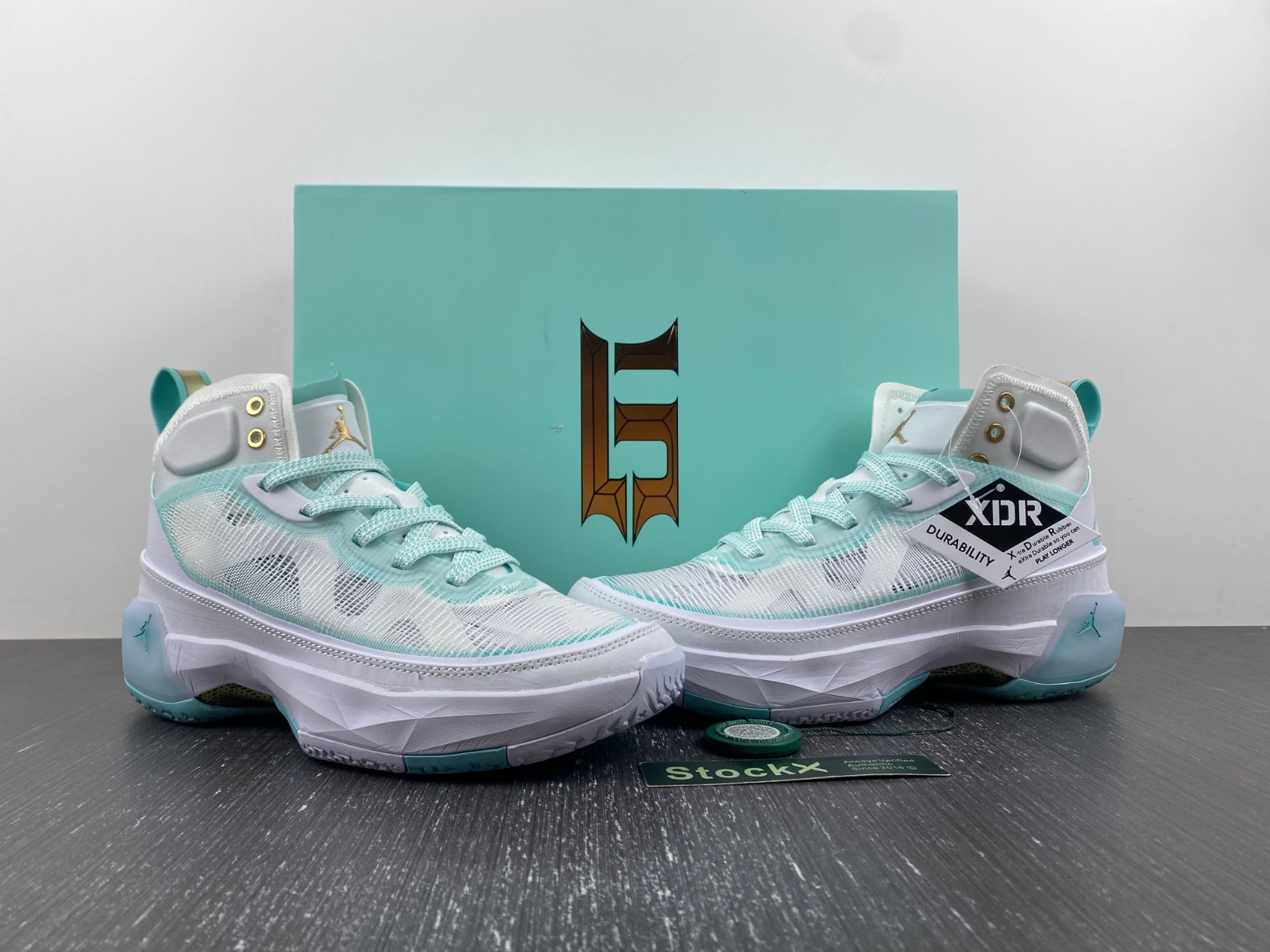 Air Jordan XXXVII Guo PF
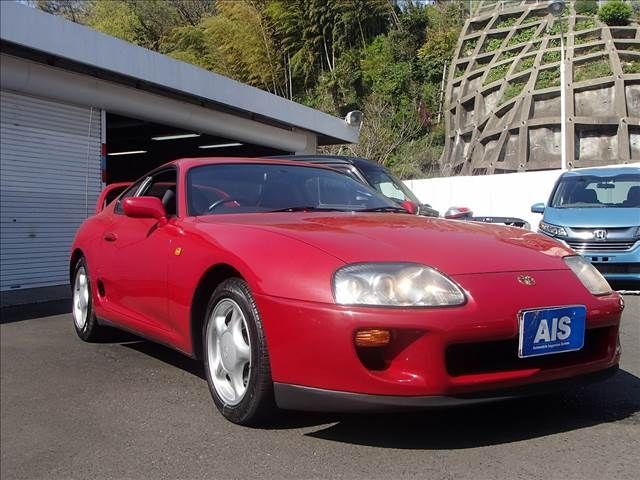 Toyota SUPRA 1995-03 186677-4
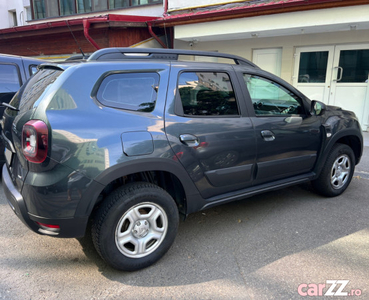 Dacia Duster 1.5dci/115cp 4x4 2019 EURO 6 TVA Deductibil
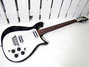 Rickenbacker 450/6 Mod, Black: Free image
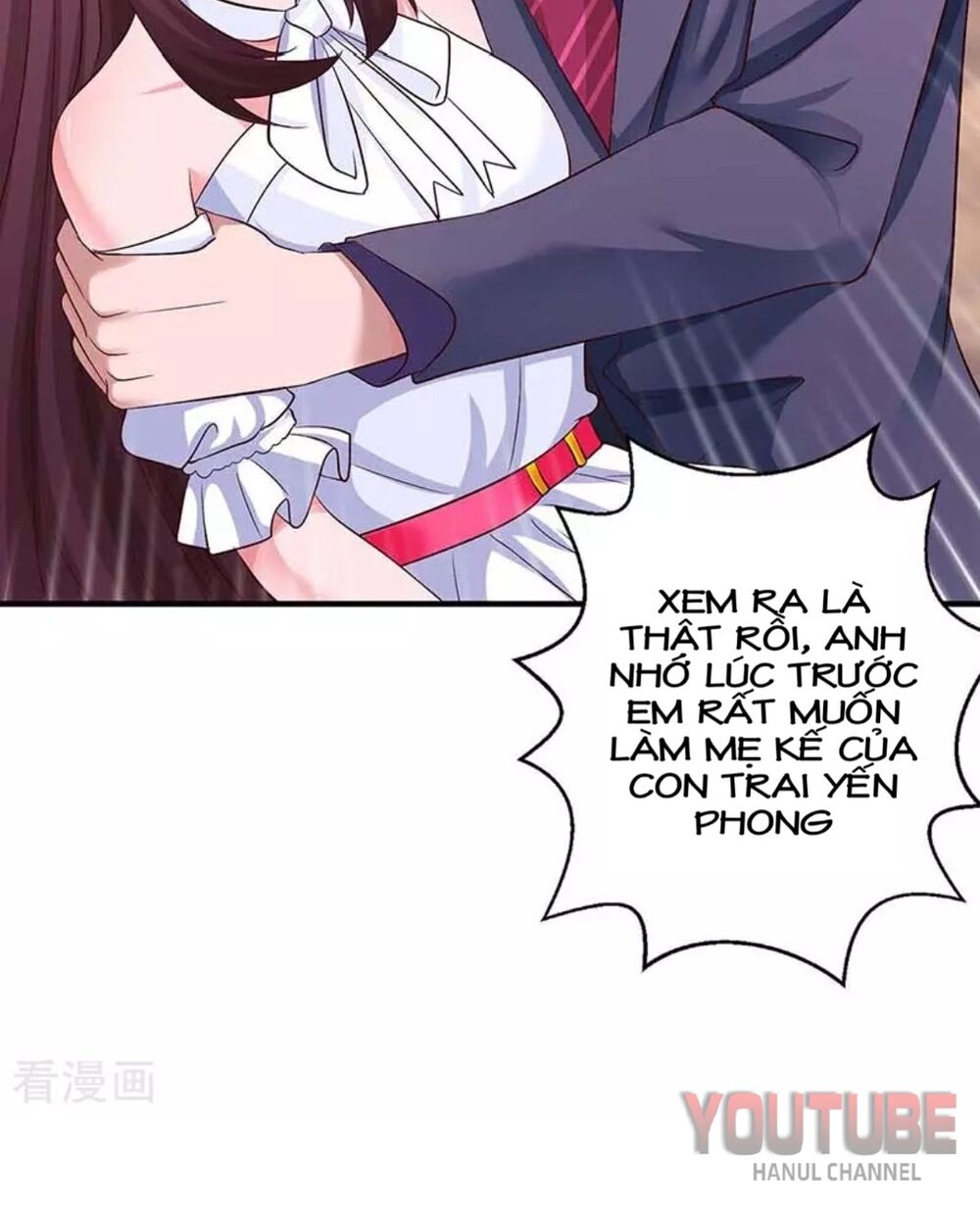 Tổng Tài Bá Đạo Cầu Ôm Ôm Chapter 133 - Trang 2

==

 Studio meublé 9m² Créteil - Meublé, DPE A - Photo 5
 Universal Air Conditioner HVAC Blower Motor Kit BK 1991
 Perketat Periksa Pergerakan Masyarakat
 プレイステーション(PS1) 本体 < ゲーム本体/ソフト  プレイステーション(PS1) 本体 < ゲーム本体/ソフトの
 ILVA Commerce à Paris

...

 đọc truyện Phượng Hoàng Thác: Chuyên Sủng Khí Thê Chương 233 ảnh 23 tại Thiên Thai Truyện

• EXERCISE: Only the lines above from the line with "Studio meublé 9m²" to the line with "ILVA Commerce à Paris", those two lines included, should be reproduced exactly.

• ANSWER FOR THE TASK:
 Studio meublé 9m² Créteil - Meublé, DPE A - Photo 5
 Universal Air Conditioner HVAC Blower Motor Kit BK 1991
 Perketat Periksa Pergerakan Masyarakat
 プレイステーション(PS1) 本体 < ゲーム本体/ソフト  プレイステーション(PS1) 本体 < ゲーム本体/ソフトの
 ILVA Commerce à Paris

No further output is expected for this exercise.